BEGIN Data supplied

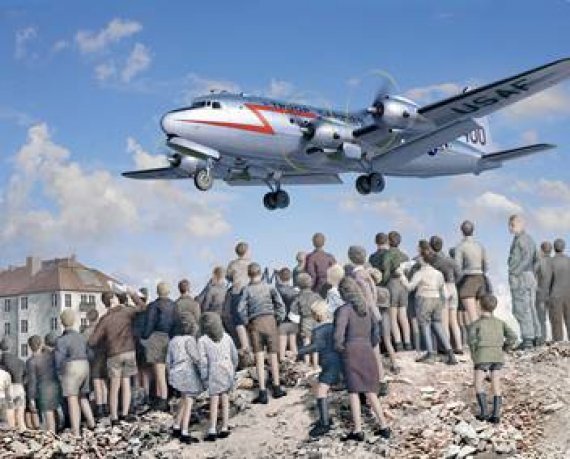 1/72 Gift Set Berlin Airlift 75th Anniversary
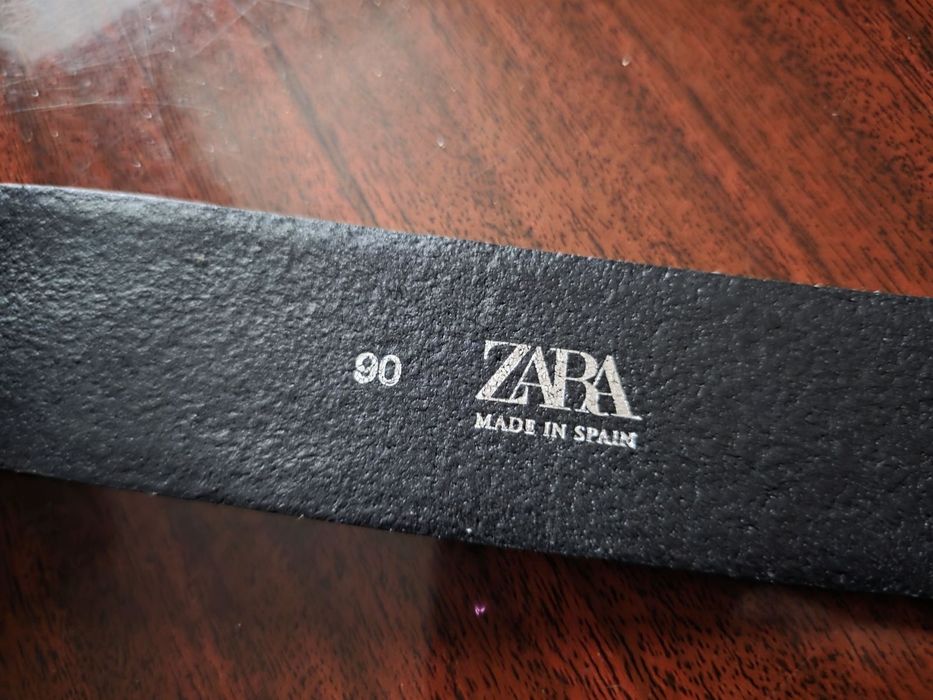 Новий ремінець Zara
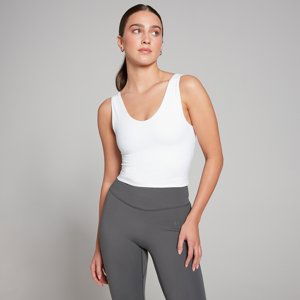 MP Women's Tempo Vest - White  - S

END Data supplied
BEGIN Data supplied

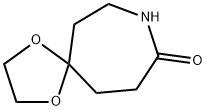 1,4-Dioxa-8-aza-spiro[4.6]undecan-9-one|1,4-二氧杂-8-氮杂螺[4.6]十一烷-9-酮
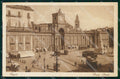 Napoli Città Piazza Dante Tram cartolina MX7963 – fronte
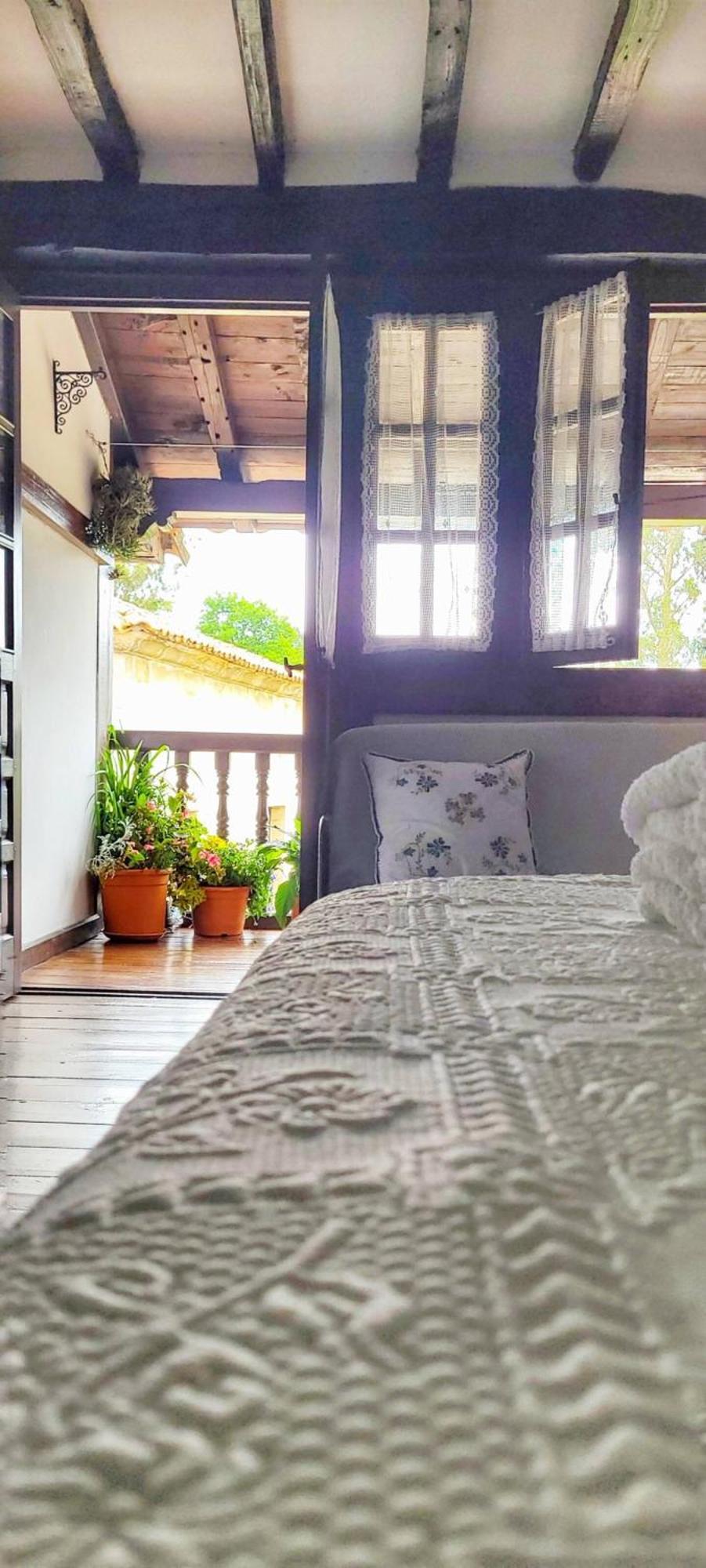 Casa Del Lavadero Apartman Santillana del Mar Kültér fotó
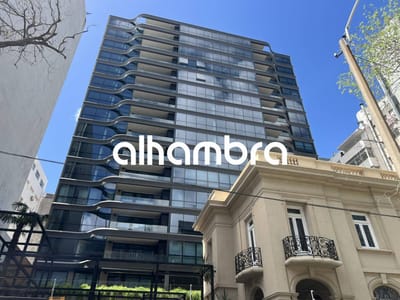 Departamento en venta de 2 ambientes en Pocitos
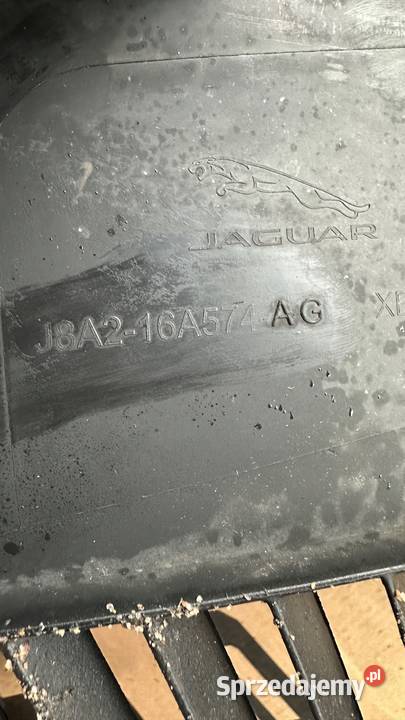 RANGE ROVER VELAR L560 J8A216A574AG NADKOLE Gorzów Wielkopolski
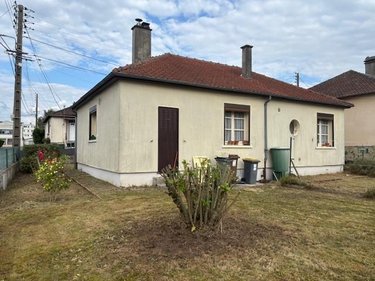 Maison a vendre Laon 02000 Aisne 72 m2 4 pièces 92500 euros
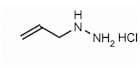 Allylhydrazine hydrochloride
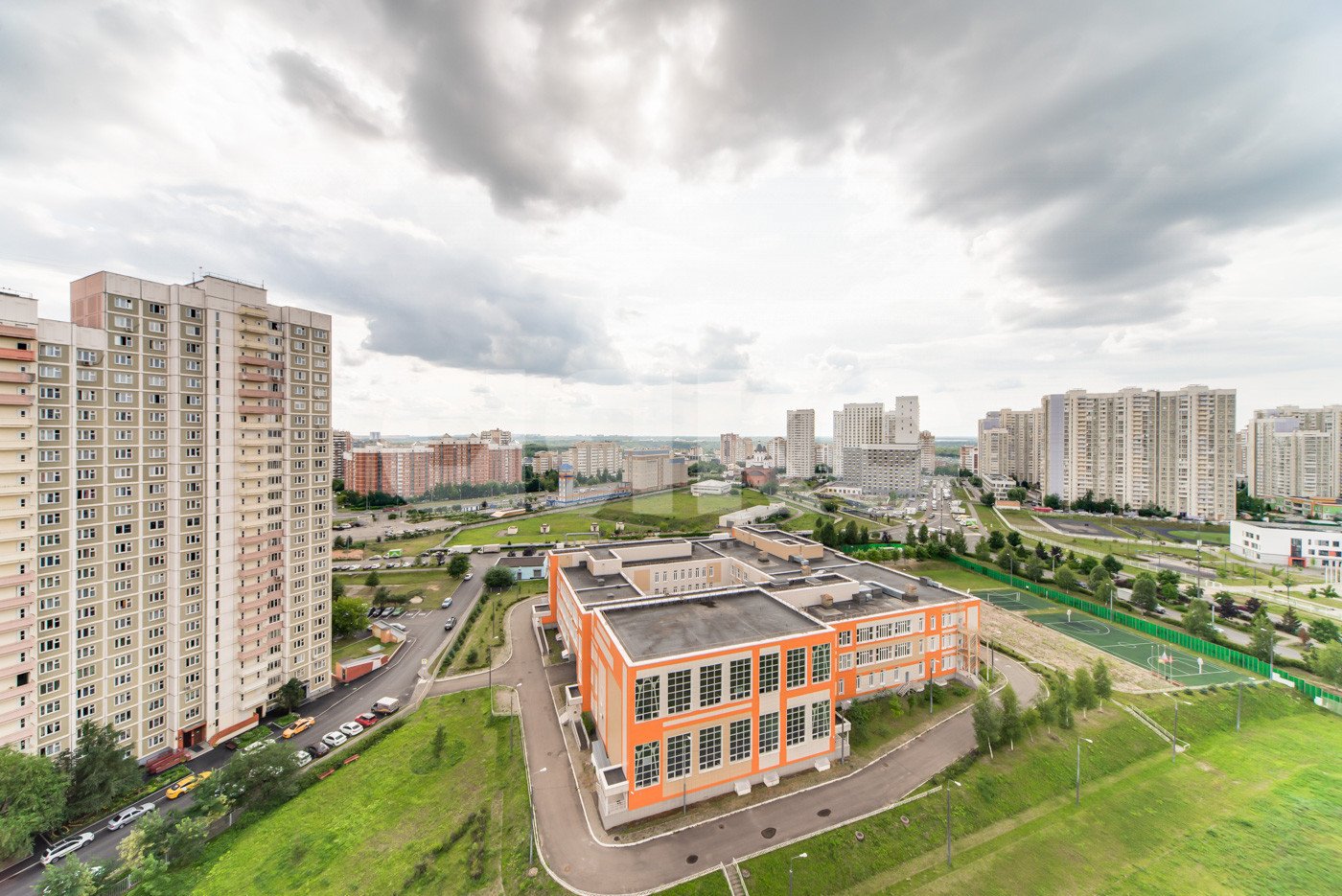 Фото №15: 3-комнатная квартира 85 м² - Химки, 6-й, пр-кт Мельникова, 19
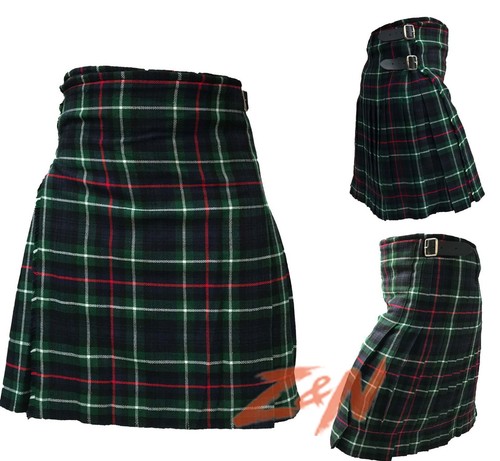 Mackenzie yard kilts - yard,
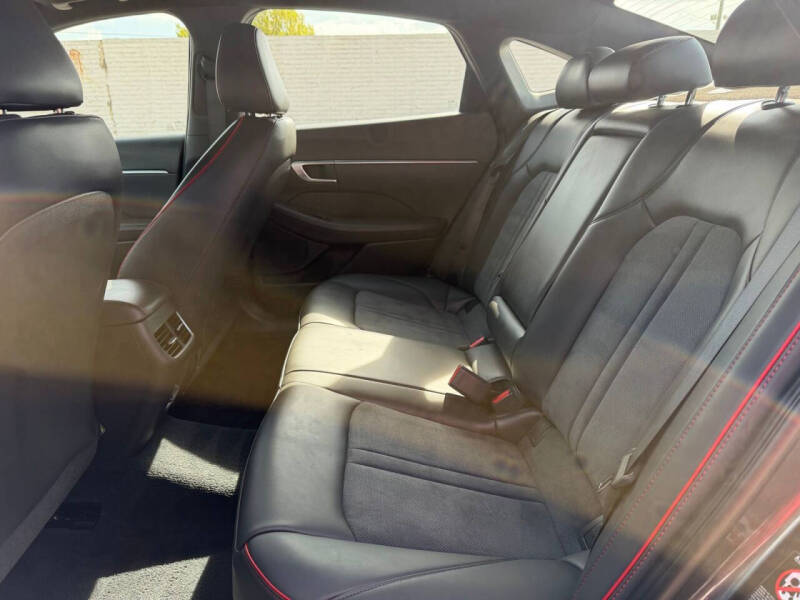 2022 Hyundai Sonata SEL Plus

END Data supplied

What needs to be done ▸
Only the lines above from the one containing "1/72 Gift Set" through the one containing "MP Women's Tempo" should be returned, verbatim and inclusive, with pictures excluded.

Exercise response ▸
 1/72 Gift Set Berlin Airlift 75th Anniversary
 Новий ремінець Zara
 MP Women's Tempo Vest - White  - S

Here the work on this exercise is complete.